ビジネス・ホットライン・インタビュー

このコーナーは沖縄に進出された企業のトップの方にご登場いただき、進出の動機や今後の対応などをお伺いしました。

インタビュー依頼先: 株式会社 アクロラド
代表取締役 白幡 孝さん

Q1.会社の概要と沖縄での事業内容をお聞かせください。

A:我が社は放射線計測用の半導体結晶を開発製造する目的で、沖縄の自由貿易地域への進出を決めました。
 この半導体結晶は放射線を検出する点でX線フィルムと同じではありますが、感度が従来の X線フィルムの2%に対し97%と非常に高く、検査データをデジタル化できる点に最大の特徴があります。その結果、従来の検査機器に高性能、小型、軽量、簡便という画期的な変革をもたらすため、現在、世界規模の大手医療機器メーカーが応用、実用化に向けた研究開発を進めています。例えば、医療分野で開発中の手術用のガンマ線プローブは疾患部を正確に把握できるため、 処置漏れがなく、手術の安全性、確実性を飛躍的に高めるわけです。
 また、宇宙観測機器に使用されるなど観測衛星への搭載も始まっており、ESA(欧州宇宙開発機構)へも納品しています。
 我が社はこれらの応用分野に品質の高い半導体結晶を安定的に供給することを目的に、世界に先駆けて開発生産拠点を特別自由貿易地域に置くことにしました。当初は年産150万個を生産し、その後、350万個の生産体制にもっていきたいと考えています。ただ、世界のニーズからするとその10倍は必要だと思いますが。


Q2.沖縄へ進出を決めた大きな理由は何でしょうか。

A:進出を決めるまでには色々な問題があったのですが、税制面での優遇策や若年者への雇用助成金などが大きいと思います。障害者や高齢者採用に関する助成金というのは経験がありますが、 若年者への助成金というのは聞いたことがなかったですね。

Q3.沖縄の課題は何だと思いますか。

A:我々のようなベンチャー企業にとっては資金調達が大きな仮題となるので、沖縄として企業誘致を政策的に進めているというのであれば、進出企業に対する融資について、県と融資機関が連携して対応するなど、進出しやすい環境を作っていくことが大事ですね。
 また、 企業誘致に関する取り組みをひとつのパッケージ、いわゆるワンストップサービスとして対応して欲しいですね。難しい問題があることは分かりますが、それは売る側の論理であって、買う側(企業側)の論理ではないのですね。

Q4.コストについてはどうでしょうか。

A:土地代とかのコストはやはり高いですね。但し、流通コストは全然こだわっていません。それより、特別自由貿易地域の保税制度を利用して原材料をカナダなどから輸入してフリーゾーン内で加工して直接ヨーロッパやアメリカに出せれば面白いですね。

Q5.沖縄の若い人たちに求めるものは何でしょうか。また、行政に求めることがありますか。

A:進出した企業として重要なことは、若い優秀な人材を確保したいということなんですが、今、 来ている話ですが、琉球大学の先生から学生向けに特別講演をやって欲しいという依頼があるんですね。これからは産学協同ですから、学生時代から、例えばカドミウム関連の卒論を書くために我々の会社に頻繁に出入りをしていただく。そうすると、企業としては人材が得やすいし、学校側からすれば実践的な知識を習得する場をつくることができます。
 県に対しては、進出した企業がその事業内容、研究内容を地域社会に還元できるような仕組み、 例えば、週に1回市民を集めて企業側が1時間レクチャーをするというような機会を作って欲しいですね。同時に、そういう活動によって進出企業が地域の理解を得ていくことにもつながり、 双方にメリットがあるわけです。
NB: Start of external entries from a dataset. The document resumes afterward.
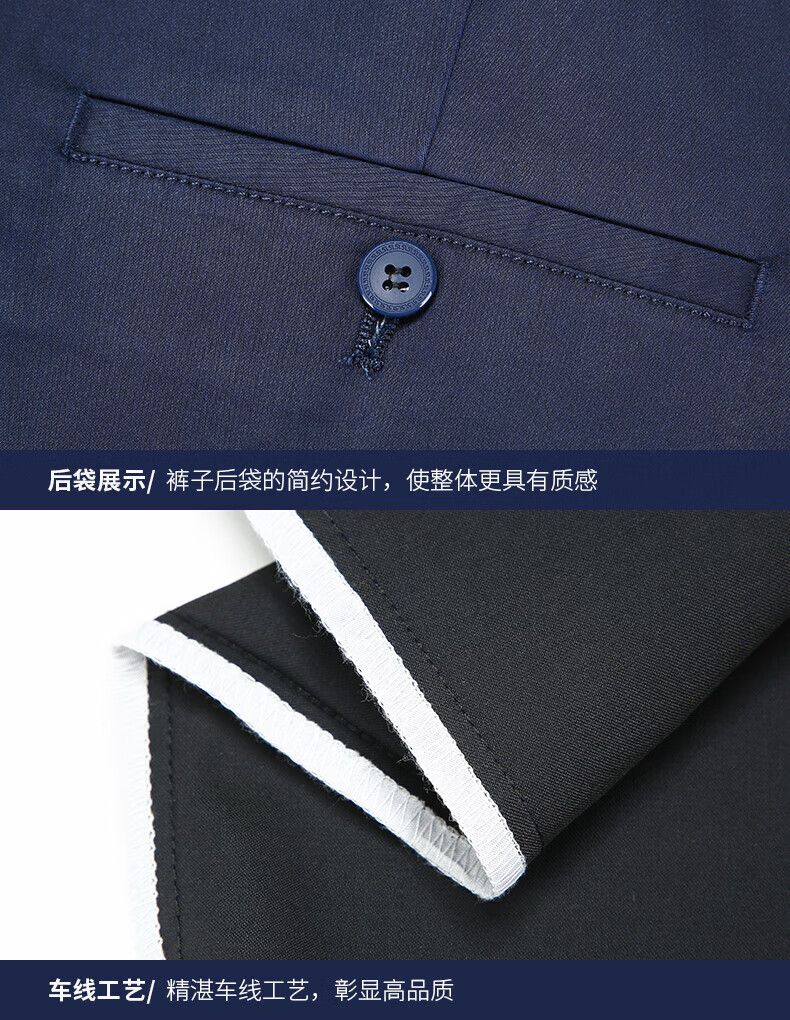 d580d84213235e43.jpg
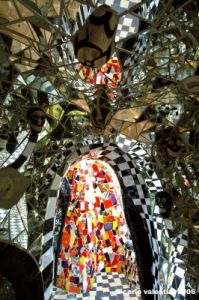 giardino_tarocchi263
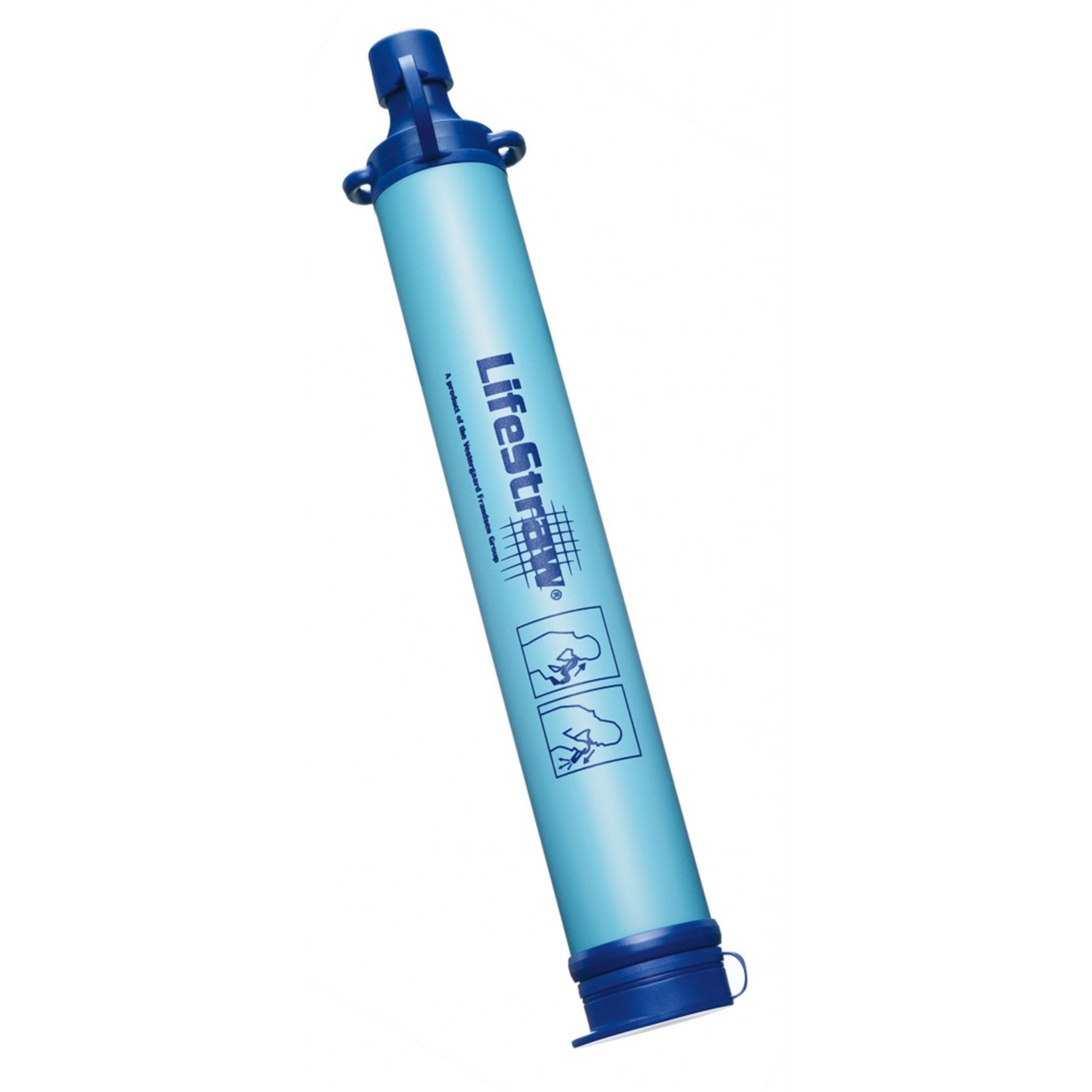 lifestraw personal waterfilter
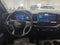 2023 Chevrolet Silverado 1500 Crew Cab Short Box 4-Wheel Drive LT 1LT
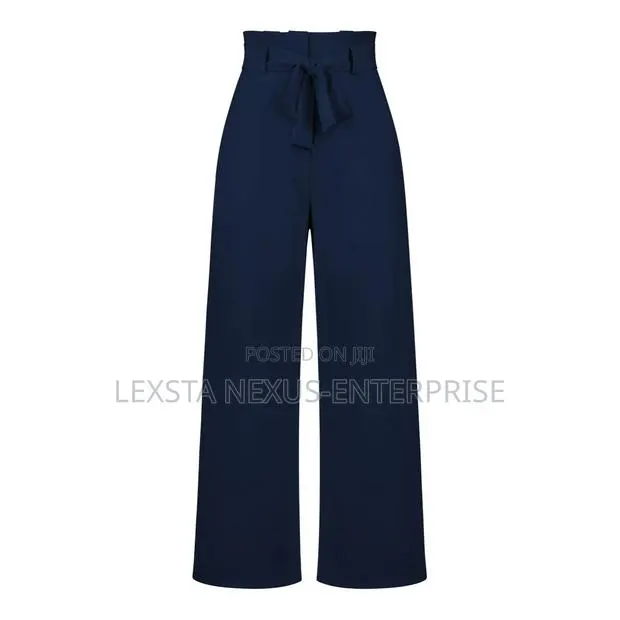 Women's Office Trouser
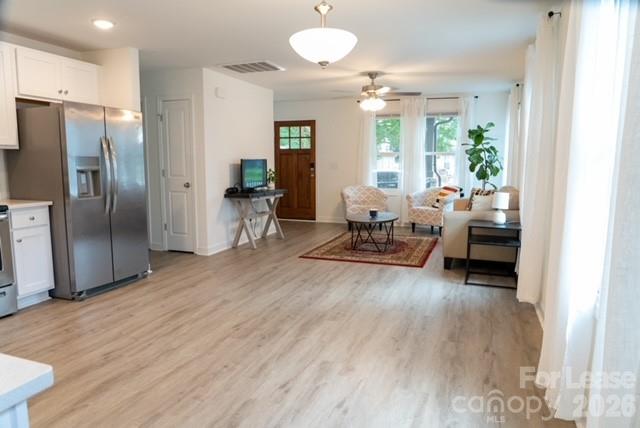 706 North Main Street Salisbury, NC 28144 - Photo 8 of 24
Q6.皆さんの進出に伴う沖縄側のメリットは何でしょうか。

A:我々の技術は基礎技術ですから発展性があるわけです。工場というところは、結晶から応用ができます。例えば、結晶ができたら次は組み立て、次は装置産業というように波及していきます。ですから、将来的には沖縄で海外企業とのジョイントでアセンブルラインを作ることも可能だと思います。
 実際、今回の我々の沖縄進出についてフィンランドのメーカーが関心を持っています。基礎的なものがあると広がりがある。要するにひとつで終わらない。
 我々の雇用は最初8名、2002年で23人くらいでしょうが、雇用を促進する力はアセンブル企業の方がありますから、次はこうした企業を狙って誘致していけばいいのではないでしょうか。 従業員が多いというのは人件費が大きくなって経営に響きますが、若年者の採用にあたって50%の助成金が出るというのは企業にとっては興味が出てくるところですね。